Discovering addresses of all instances that form a service

If you browse through the official Docker documentation, you will not find any reference to addresses of individual instances that form a service.

The previous sentence might not be true at the time you're reading this. Someone might have updated the documentation. However, at the time I'm writing this chapter, there is not a trace of such information.

The fact that something is not documented does not mean that it does not exist. Indeed, there is a special DNS that will return all IPs.

To see it in action, we'll create the global service called util and attach it to the proxy network:

docker service create --name util \
--network proxy --mode global \
alpine sleep 1000000000

docker service ps util

Before proceeding, please wait until the current state is set to running.

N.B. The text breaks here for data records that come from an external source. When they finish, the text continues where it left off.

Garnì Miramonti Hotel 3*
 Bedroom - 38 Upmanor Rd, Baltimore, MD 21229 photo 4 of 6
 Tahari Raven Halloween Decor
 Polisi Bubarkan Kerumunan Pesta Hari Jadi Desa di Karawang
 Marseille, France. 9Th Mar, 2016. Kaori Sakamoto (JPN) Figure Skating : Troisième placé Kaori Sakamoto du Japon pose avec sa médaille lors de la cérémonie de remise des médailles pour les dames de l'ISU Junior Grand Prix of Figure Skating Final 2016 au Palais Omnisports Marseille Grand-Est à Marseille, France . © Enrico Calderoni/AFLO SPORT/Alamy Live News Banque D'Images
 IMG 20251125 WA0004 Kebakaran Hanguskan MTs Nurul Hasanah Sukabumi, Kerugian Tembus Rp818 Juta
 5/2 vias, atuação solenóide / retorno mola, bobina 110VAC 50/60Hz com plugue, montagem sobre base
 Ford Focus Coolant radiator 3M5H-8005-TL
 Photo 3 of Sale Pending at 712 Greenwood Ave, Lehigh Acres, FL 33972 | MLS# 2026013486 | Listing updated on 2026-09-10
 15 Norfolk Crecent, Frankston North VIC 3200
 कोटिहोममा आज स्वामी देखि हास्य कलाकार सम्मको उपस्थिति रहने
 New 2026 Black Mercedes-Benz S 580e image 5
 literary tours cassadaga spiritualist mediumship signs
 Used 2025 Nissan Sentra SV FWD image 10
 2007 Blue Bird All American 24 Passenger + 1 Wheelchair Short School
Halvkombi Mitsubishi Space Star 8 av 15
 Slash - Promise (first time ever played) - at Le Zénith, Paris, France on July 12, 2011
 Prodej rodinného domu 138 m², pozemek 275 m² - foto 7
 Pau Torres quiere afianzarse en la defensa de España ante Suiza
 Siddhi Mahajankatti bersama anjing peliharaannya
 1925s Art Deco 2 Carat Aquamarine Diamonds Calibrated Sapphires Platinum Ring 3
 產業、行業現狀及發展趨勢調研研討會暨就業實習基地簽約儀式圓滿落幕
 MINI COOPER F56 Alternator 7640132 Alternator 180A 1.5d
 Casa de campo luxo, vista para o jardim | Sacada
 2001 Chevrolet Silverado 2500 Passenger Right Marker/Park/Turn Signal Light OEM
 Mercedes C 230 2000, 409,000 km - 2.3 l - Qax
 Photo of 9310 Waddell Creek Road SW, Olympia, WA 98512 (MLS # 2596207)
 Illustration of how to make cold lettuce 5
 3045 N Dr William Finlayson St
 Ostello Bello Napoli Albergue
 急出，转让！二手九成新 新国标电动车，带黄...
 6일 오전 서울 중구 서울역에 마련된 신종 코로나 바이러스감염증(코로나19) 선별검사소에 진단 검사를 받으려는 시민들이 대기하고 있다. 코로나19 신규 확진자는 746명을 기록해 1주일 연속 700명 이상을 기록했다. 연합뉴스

Next, we'll find the ID of one of the util instances and install drill that will show us the information related to DNS entries:

ID=$(docker ps -q --filter label=com.docker.swarm.service.name=util)

docker exec -it $ID apk add --update drill

Let's start by drilling the DNS proxy:

docker exec -it $ID drill proxy

The output is as follows:

;; ->>HEADER<<- opcode: QUERY, rcode: NOERROR, id: 31878
;
; flags: qr rd ra ; QUERY: 1, ANSWER: 1, AUTHORITY: 0, ADDITIONAL: 0
;
; QUESTION SECTION:
;
; proxy. IN A

;; ANSWER SECTION:
proxy. 600 IN A 10.0.0.2

;
; AUTHORITY SECTION:

;
; ADDITIONAL SECTION:

;
; Query time: 0 msec
;
; SERVER: 127.0.0.11
;
; WHEN: Fri Sep 9 16:43:23 2016
;
; MSG SIZE rcvd: 44

As you can see, even though we are running three instances of the service, only one IP is returned 10.0.0.2. That is the IP of the service, not an individual instance. To be more concrete, it is the IP of the proxy service network end-point. When a request reaches that end-point, Docker network performs load balancing across all the instances.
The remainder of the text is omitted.